Tuesday, February 7, 2023

Edge effects in fault mechanics

 When you test rock samples in a big machine, you see the fracture patterns.  This was my background in rock mechanics.  Geotechnical engineering and rock mechanics is a dead field now, because everybody and their dog thinks they can do it.  This has led to amazing failures.  The same goes for basic physics.

If you compress a rock sample you'll will get 'triplet' failure.  That's a thrust (compression) failure with wings of strike-slip or shear.  Usually the shear failure starts first.  Rock is 'scale invariant' or 'fractal similar' from the crystal scale, to the tectonic plate scale.  That means you can project small rock failures to large earthquakes -- it's all the same.  As an example you always put a scale on your rock photos because you can't tell the difference between large and small.


The New Madrid earthquake zone is failure in a very large testing machine.  There is the central thrust and two shear wings.  This is now stable for hundreds of years.  The central thrust created two points of high shear stress and this was taken care of by the wings which fade with distance.  The area continues to take in water, and is always active, but it is stable.

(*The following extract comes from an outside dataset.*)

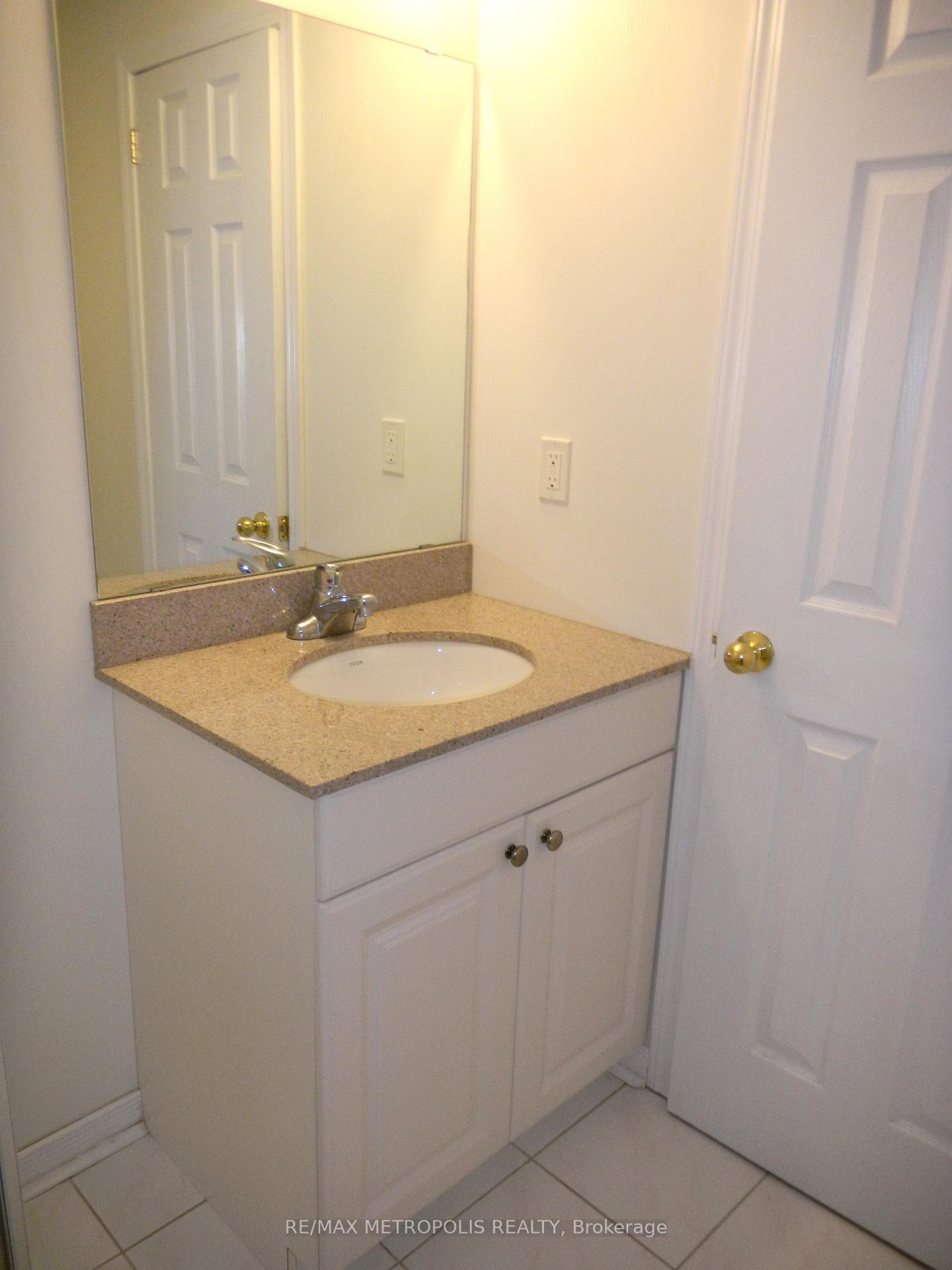 Photo 8 of Unit C18, 619 Wild Ginger Avenue, Waterloo, Columbia Forest — HOMEH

New Madrid was in a uniform stress field of high compression.  Turkey is in a complex wrench situation, and we don't know the stress field.  Nevertheless, the edges must crack out.  This is tension (pulling) rather than compression (squeezing).  It has led to an unusual intersection at the top.  Both sections are wrenching each other open, and the 'fade out' starts at the middle.  I fought with my brain to not go into a 'brain storm' over this while I slept, and it's working.  I'm not killing myself for an original thought.

For this triplet to  be complete, we need another monster earthquake at the bottom and parallel to the upper section.  But the existing fractures interfere, and the stress field is not uniform.  I only give it a 20% chance for the next week or two, like New Madrid.  More physics could be done, but we live in a world of dogma, and no Scientific Method.

Earthquakes and the atmosphere are exactly the same physics.  We haven't had 'newsworthy' earthquakes for 30 years now, so I went into atmospheric physics.  

The lack of physics in both fields will lead to big disasters, as the groupthink shakes out.  I'm contemplative right now, and forcing myself to relax.

ps.  we now have to find out how these faults ruptured.  If it initiated at the intersection, and the rupture to the south had a fade-out, then less chance of a new rupture.  If it initiated at the water, then a greater chance.